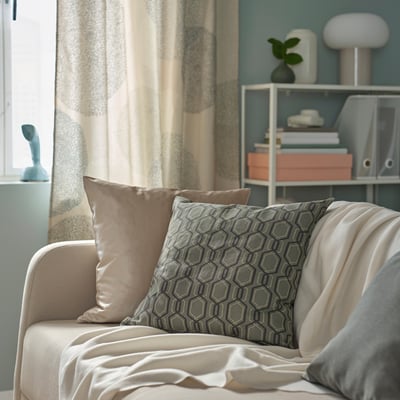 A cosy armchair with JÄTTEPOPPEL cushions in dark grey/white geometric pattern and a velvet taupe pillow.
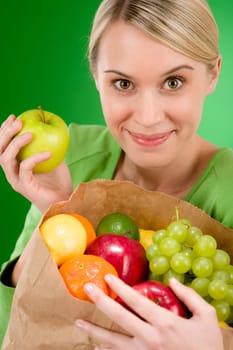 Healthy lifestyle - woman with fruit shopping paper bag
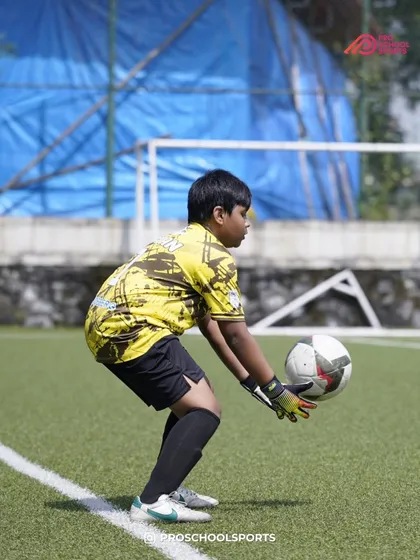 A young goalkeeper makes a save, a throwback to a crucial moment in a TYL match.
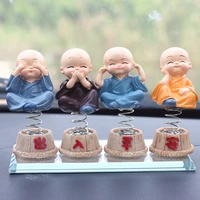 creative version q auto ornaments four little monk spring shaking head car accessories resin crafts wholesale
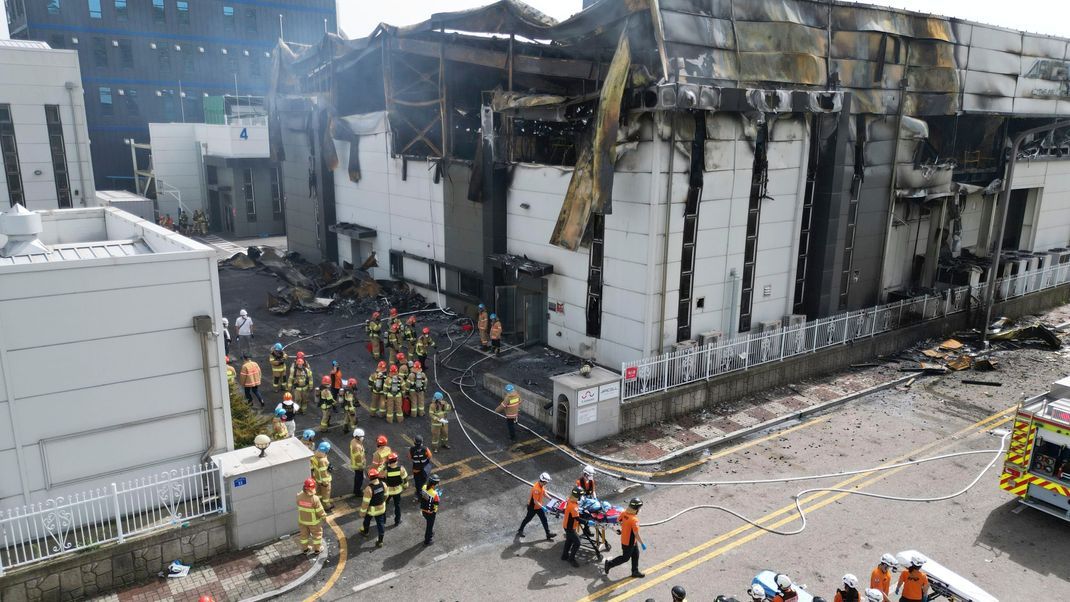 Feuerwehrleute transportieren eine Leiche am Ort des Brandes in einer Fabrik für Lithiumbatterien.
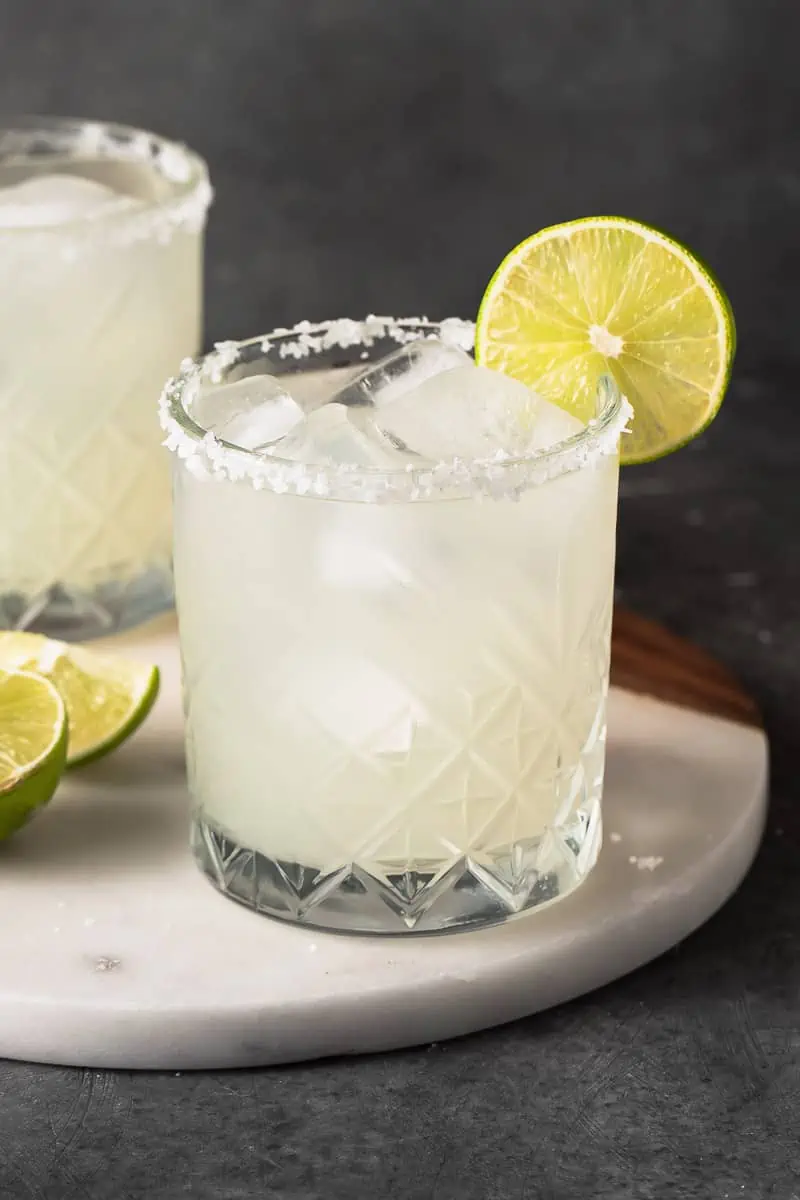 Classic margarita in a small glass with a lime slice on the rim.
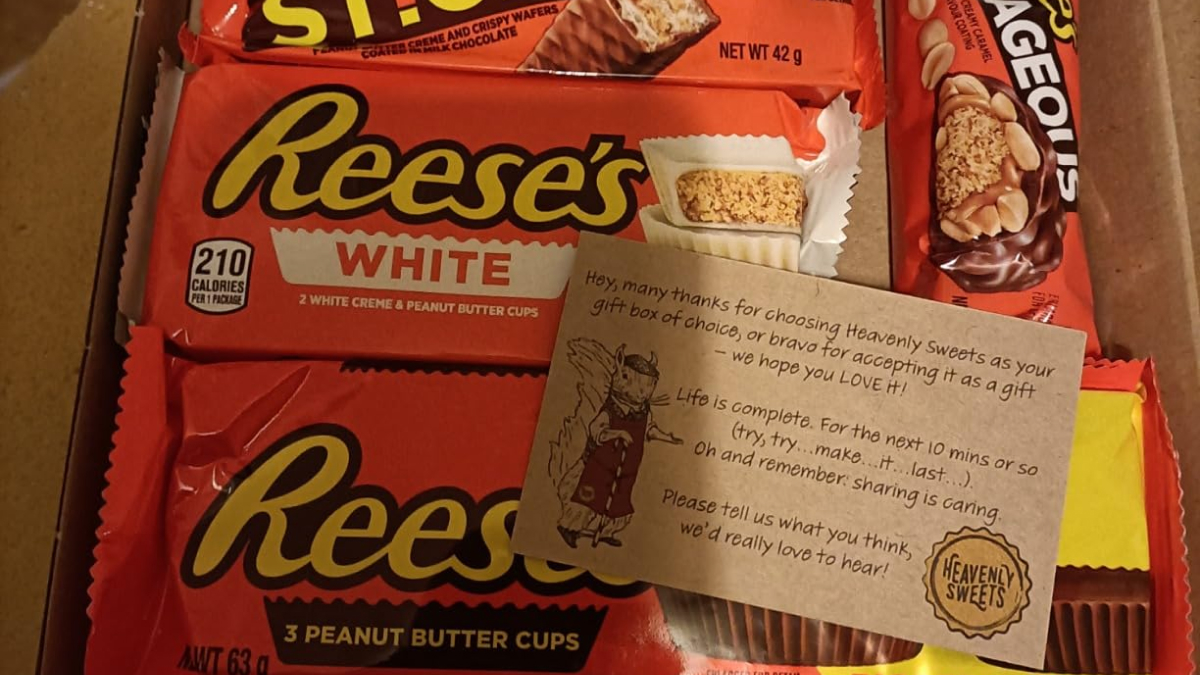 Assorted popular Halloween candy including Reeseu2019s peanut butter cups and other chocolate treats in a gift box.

TASK REQUIREMENTS:
Write out exactly the lines from the line that contains "creative version q" to the last line of the material above, both included; pictures do not belong in the copy.

ANSWER TO THE EXERCISE:
 creative version q auto ornaments four little monk spring shaking head car accessories resin crafts wholesale
 Feuerwehrleute transportieren eine Leiche am Ort des Brandes in einer Fabrik für Lithiumbatterien.
 Classic margarita in a small glass with a lime slice on the rim.
 Assorted popular Halloween candy including Reeseu2019s peanut butter cups and other chocolate treats in a gift box.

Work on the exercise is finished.